» Exercise data:
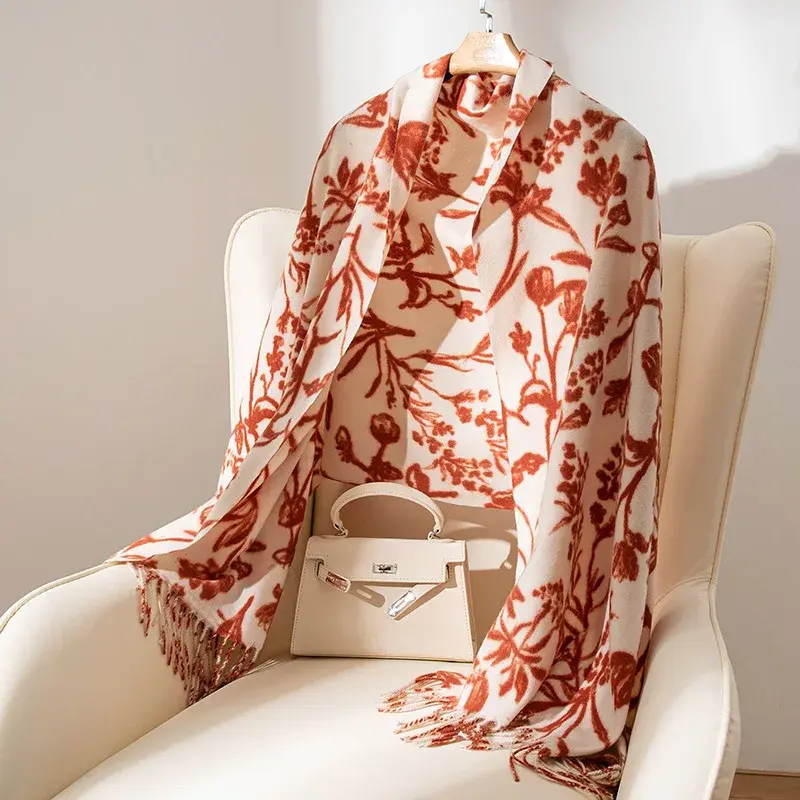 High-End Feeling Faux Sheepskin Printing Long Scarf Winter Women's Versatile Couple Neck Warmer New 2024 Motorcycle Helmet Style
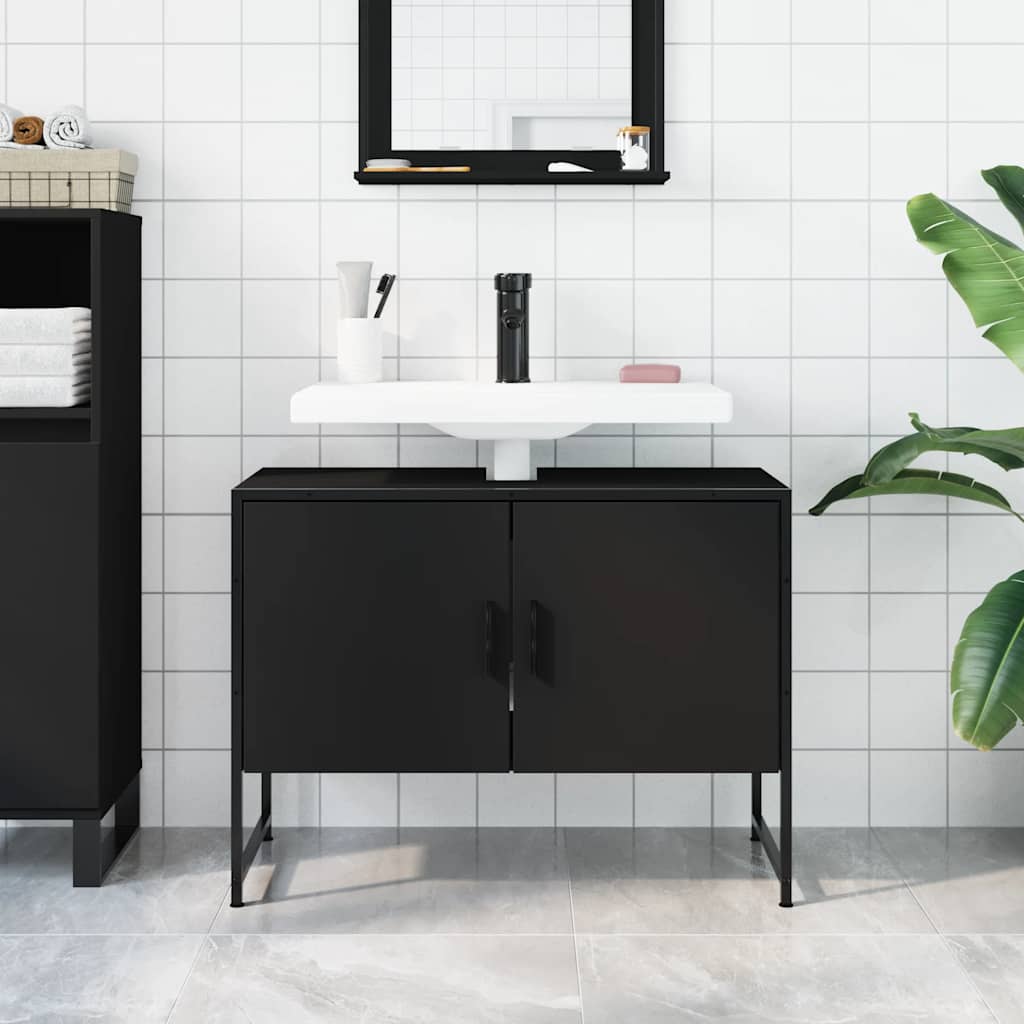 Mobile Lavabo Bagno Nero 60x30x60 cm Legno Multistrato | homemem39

...

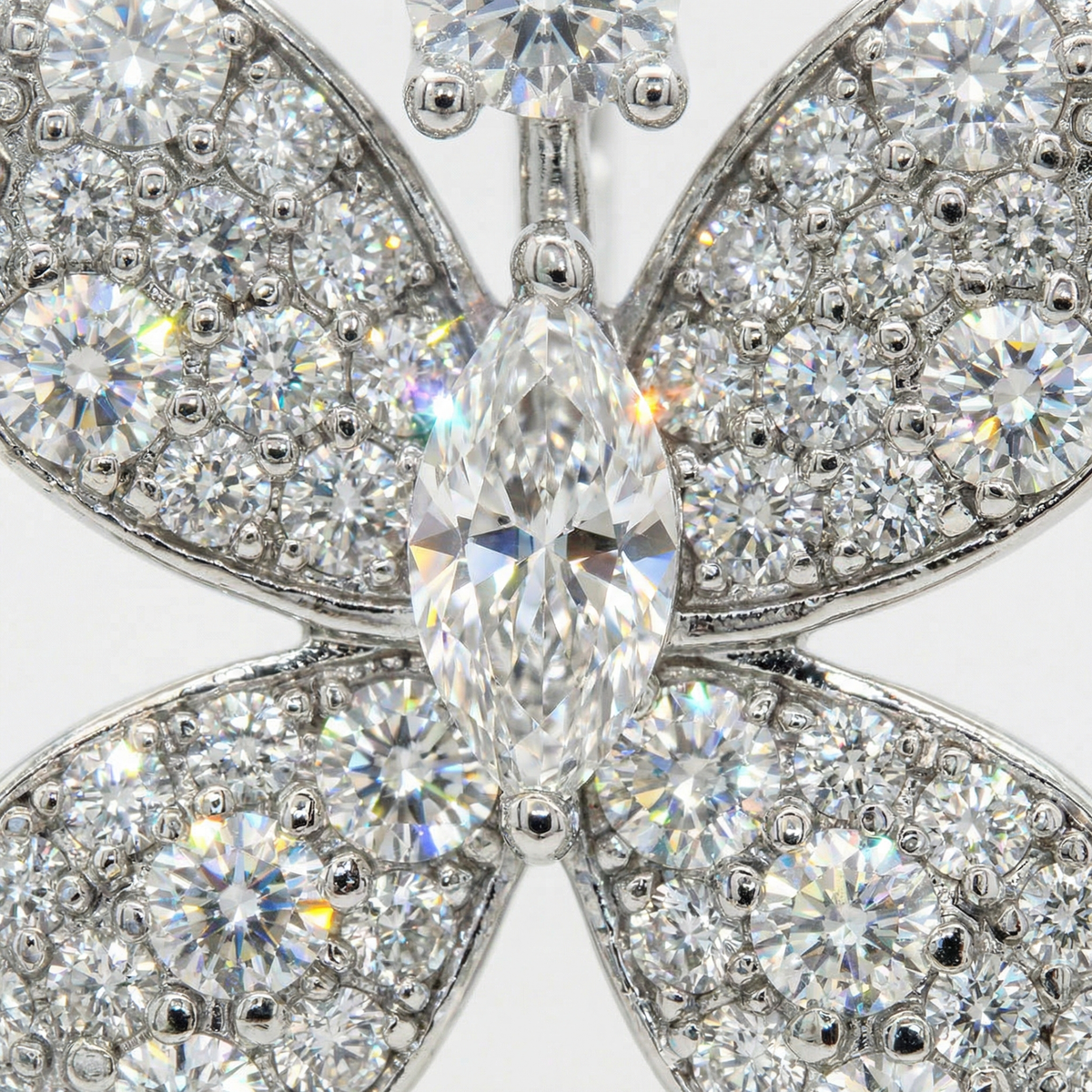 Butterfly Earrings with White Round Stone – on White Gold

» What to produce: In the listing above, the required lines run from the line with "High-End Feeling Faux" through the line with "Mobile Lavabo Bagno". Output exactly those lines, omitting pictures.

» Response area:
 High-End Feeling Faux Sheepskin Printing Long Scarf Winter Women's Versatile Couple Neck Warmer New 2024 Motorcycle Helmet Style
 Mobile Lavabo Bagno Nero 60x30x60 cm Legno Multistrato | homemem39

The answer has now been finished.